Work required – Retype, word for word, each line between the lines holding "Girl Power Leggings" and "BMW X5 IV (G05/G18)", inclusive, and leave the rest of the data alone.

Provided material –
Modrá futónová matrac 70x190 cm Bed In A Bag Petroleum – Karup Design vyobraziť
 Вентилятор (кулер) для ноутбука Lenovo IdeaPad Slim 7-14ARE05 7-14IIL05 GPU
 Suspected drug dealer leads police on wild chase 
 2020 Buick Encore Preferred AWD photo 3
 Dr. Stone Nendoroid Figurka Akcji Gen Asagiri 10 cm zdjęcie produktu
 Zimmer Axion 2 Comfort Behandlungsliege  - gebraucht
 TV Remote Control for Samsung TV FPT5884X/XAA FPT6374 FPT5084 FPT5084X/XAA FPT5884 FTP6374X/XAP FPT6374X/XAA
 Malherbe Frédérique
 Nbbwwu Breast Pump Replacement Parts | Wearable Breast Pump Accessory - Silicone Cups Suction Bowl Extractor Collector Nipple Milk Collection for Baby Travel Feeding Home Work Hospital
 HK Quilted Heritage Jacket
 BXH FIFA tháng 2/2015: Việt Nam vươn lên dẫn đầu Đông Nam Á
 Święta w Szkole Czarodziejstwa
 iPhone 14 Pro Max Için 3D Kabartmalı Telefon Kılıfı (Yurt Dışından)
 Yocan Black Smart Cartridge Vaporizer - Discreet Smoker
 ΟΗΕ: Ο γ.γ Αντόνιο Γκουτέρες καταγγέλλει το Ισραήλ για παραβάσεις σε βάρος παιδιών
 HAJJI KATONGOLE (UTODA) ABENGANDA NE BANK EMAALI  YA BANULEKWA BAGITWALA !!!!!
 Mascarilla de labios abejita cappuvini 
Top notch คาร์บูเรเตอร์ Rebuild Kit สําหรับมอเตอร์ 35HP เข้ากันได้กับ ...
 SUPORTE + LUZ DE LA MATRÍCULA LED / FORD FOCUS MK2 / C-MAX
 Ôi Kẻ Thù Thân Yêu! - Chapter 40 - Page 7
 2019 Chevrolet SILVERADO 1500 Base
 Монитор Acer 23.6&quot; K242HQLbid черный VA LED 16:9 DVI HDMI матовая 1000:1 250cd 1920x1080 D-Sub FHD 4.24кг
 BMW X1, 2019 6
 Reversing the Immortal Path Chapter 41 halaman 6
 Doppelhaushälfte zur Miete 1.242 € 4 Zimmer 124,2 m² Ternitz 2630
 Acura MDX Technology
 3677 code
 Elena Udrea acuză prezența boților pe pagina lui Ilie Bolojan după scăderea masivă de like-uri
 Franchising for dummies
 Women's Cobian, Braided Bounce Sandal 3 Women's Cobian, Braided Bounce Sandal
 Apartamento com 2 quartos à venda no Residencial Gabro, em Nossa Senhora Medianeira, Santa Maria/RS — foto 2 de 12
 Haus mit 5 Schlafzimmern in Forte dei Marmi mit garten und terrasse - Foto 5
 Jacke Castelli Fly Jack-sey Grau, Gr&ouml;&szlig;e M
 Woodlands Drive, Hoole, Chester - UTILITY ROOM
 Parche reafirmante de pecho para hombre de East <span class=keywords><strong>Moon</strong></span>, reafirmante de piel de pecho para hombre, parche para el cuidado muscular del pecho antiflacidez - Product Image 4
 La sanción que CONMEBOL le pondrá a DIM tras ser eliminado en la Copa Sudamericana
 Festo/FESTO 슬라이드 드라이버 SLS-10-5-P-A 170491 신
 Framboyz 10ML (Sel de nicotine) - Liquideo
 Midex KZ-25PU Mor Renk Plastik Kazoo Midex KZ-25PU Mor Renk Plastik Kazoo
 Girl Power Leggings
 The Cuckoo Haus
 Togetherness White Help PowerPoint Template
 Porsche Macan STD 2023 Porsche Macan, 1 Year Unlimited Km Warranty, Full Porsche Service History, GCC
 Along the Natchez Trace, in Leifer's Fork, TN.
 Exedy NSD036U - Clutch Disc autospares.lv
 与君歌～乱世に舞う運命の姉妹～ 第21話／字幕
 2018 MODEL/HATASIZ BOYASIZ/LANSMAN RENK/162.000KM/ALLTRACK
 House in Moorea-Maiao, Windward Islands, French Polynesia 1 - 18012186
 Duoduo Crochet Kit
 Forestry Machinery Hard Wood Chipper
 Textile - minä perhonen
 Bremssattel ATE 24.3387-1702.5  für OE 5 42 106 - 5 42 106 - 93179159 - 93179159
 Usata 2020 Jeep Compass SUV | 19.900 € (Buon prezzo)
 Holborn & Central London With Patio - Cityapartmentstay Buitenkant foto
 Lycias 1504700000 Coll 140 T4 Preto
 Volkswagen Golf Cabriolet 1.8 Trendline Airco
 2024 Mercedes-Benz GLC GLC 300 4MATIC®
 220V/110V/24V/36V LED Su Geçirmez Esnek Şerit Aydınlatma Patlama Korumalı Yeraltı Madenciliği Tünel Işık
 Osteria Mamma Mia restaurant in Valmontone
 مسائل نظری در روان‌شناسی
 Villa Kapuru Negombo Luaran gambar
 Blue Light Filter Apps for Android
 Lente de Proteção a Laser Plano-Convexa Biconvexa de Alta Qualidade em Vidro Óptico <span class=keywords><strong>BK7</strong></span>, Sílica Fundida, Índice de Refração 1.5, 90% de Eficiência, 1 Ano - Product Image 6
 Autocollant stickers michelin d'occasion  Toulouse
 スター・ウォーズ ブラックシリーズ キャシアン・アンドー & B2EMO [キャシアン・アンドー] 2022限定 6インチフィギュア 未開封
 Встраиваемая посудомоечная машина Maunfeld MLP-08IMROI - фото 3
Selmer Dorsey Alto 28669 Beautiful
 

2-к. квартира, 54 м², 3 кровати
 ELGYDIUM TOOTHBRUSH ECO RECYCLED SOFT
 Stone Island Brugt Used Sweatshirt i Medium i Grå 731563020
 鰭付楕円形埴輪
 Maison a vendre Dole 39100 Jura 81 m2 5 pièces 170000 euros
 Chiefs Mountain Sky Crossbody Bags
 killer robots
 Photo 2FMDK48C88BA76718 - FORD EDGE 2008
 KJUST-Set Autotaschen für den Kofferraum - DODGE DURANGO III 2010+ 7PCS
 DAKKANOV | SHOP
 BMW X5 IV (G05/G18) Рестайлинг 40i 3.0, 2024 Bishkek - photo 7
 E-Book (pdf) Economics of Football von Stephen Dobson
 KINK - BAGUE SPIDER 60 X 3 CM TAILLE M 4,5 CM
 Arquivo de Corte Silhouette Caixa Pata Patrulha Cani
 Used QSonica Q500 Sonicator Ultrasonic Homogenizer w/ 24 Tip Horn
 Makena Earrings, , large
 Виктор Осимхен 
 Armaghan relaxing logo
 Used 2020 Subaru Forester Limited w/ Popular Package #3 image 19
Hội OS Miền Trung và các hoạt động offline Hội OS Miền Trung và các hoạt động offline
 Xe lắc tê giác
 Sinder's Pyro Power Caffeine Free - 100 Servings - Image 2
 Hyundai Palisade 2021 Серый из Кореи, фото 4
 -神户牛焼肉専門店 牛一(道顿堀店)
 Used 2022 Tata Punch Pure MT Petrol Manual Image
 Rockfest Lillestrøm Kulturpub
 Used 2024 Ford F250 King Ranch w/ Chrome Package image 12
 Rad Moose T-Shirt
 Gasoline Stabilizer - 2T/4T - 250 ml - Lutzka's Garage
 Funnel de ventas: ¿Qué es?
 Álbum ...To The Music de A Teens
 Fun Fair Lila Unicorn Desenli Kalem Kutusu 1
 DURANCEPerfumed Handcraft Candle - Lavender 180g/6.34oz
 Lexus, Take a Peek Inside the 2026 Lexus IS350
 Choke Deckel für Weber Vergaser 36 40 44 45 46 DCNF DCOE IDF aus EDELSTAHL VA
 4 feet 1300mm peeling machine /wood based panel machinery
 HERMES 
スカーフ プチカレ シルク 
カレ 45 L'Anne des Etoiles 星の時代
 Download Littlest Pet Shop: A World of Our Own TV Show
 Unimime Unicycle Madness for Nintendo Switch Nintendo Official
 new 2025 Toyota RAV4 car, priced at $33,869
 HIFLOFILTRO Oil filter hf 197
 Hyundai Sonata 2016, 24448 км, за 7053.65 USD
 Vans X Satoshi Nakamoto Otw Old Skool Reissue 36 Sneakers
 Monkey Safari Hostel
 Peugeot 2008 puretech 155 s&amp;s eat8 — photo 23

Reply to the task –
 Girl Power Leggings
 The Cuckoo Haus
 Togetherness White Help PowerPoint Template
 Porsche Macan STD 2023 Porsche Macan, 1 Year Unlimited Km Warranty, Full Porsche Service History, GCC
 Along the Natchez Trace, in Leifer's Fork, TN.
 Exedy NSD036U - Clutch Disc autospares.lv
 与君歌～乱世に舞う運命の姉妹～ 第21話／字幕
 2018 MODEL/HATASIZ BOYASIZ/LANSMAN RENK/162.000KM/ALLTRACK
 House in Moorea-Maiao, Windward Islands, French Polynesia 1 - 18012186
 Duoduo Crochet Kit
 Forestry Machinery Hard Wood Chipper
 Textile - minä perhonen
 Bremssattel ATE 24.3387-1702.5  für OE 5 42 106 - 5 42 106 - 93179159 - 93179159
 Usata 2020 Jeep Compass SUV | 19.900 € (Buon prezzo)
 Holborn & Central London With Patio - Cityapartmentstay Buitenkant foto
 Lycias 1504700000 Coll 140 T4 Preto
 Volkswagen Golf Cabriolet 1.8 Trendline Airco
 2024 Mercedes-Benz GLC GLC 300 4MATIC®
 220V/110V/24V/36V LED Su Geçirmez Esnek Şerit Aydınlatma Patlama Korumalı Yeraltı Madenciliği Tünel Işık
 Osteria Mamma Mia restaurant in Valmontone
 مسائل نظری در روان‌شناسی
 Villa Kapuru Negombo Luaran gambar
 Blue Light Filter Apps for Android
 Lente de Proteção a Laser Plano-Convexa Biconvexa de Alta Qualidade em Vidro Óptico <span class=keywords><strong>BK7</strong></span>, Sílica Fundida, Índice de Refração 1.5, 90% de Eficiência, 1 Ano - Product Image 6
 Autocollant stickers michelin d'occasion  Toulouse
 スター・ウォーズ ブラックシリーズ キャシアン・アンドー & B2EMO [キャシアン・アンドー] 2022限定 6インチフィギュア 未開封
 Встраиваемая посудомоечная машина Maunfeld MLP-08IMROI - фото 3
Selmer Dorsey Alto 28669 Beautiful
 

2-к. квартира, 54 м², 3 кровати
 ELGYDIUM TOOTHBRUSH ECO RECYCLED SOFT
 Stone Island Brugt Used Sweatshirt i Medium i Grå 731563020
 鰭付楕円形埴輪
 Maison a vendre Dole 39100 Jura 81 m2 5 pièces 170000 euros
 Chiefs Mountain Sky Crossbody Bags
 killer robots
 Photo 2FMDK48C88BA76718 - FORD EDGE 2008
 KJUST-Set Autotaschen für den Kofferraum - DODGE DURANGO III 2010+ 7PCS
 DAKKANOV | SHOP
 BMW X5 IV (G05/G18) Рестайлинг 40i 3.0, 2024 Bishkek - photo 7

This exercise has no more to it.